However, it was during the shooting of To Catch a Thief, on the Côte d’Azure, in the spring of 1954, that Grace Kelly first discovered the principality of Monaco. Olivia de Havilland’s husband arranged her first meeting with its prince on May 6 1955, during the Cannes Film Festival.
In April 1956, 1,500 journalists covered Grace Kelly’s wedding to Prince Rainier III at St Nicolas’ Cathedral, Monaco. Her father felt that the ceremony was like “a Cecil B. de Mille spectacular” and the tiny police force was overwhelmed by the amount of jewellery on display.
After the marriage, watched by thirty million viewers on Eurovision, Grace Kelly retired from the screen. She went on to distribute prizes for the Monaco Grand Prix and host charity events to which high society flocked. The couple had three children, Princess Caroline, Princess Stephanie and Prince Albert. Unusually, she brought up the children herself and tried to protect them from over-exposure in the media.
She had a reserved personality given to discreet ‘melancholy’ and she took her official duties seriously.

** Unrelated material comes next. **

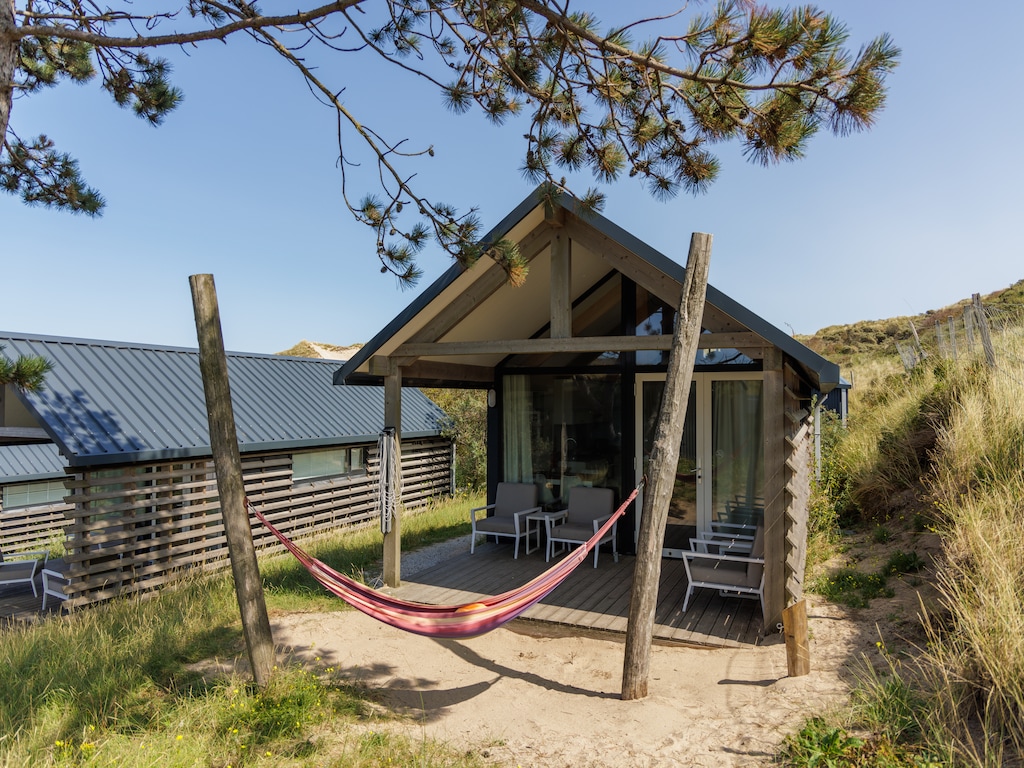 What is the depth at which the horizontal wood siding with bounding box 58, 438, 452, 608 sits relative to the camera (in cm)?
689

She was interested in making a comeback to play Marnie with Sean Connery in 1962, but her royal status prevented this. Instead, the part went to Tippi Hedren.
High society
Grace Kelly had a timeless style and two of her dresses were recently bought by Newbridge Silverware for €170,000 in an auction hosted by David Niven’s son. They have recently gone on display at the company’s visitor centre in County Kildare. She wore one of these dresses in 1961 on an official visit to Ireland with her husband.
Grace Kelly was killed in a tragic car accident in 1982, almost 26 years ago, on roads very close to those filmed in To Catch a Thief with Cary Grant and directed by ‘Hitch’. For a brief period, Grace Kelly, whose grandfather had come from Mayo, made Hollywood believe in itself.